In this project, the goal was to create an Open Book QA-system that will specifically be tailored to answer scientific questions.
It is lightweight (compared to generative LLMS) and extracts relevant answers from provided documents. Everything is wrapped in a simple Streamlit UI for more user-friendly usage.
pip install -r requirements.txt
streamlit run app.py
The dataset used for the project contained scientific questions, contexts, and respective answers (https://huggingface.co/datasets/sciq).
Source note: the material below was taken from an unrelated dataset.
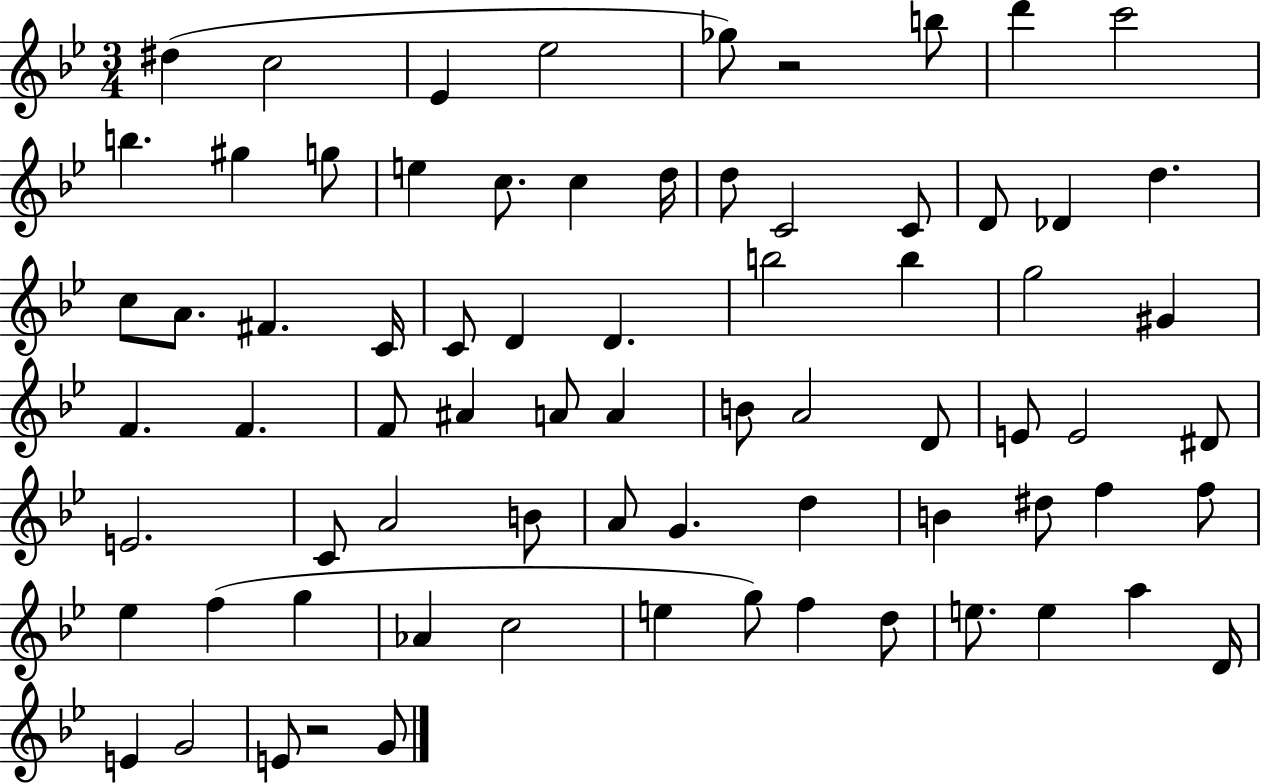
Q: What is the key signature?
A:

Moreover, I simulated a 'lack of data' by taking out a portion of contexts without their questions. This was done in order to try and generate more data using gpt-3.5-turbo model from OpenAI, by sending inputs in bulk utilizing Relevance AI (https://relevanceai.com/).
Here, we add a prompt to gpt-model and also create a variable in a form of a context, which are stored in a .csv file.
After generating some extra data, a distill-bert-based bi-encoder was further fine-tuned on scientific questions and contexts for semantic search. Given that the model is already fine-tuned on msmarco-dataset, further fine-tuning didn't improve the metrics too much, but still the model became slightly more confident in associating a specific scientific question with its correct context.
The next step was to assemble everything in one pipeline, together with a QA-model based on roberta model, fine-tuned on the squadv2 dataset.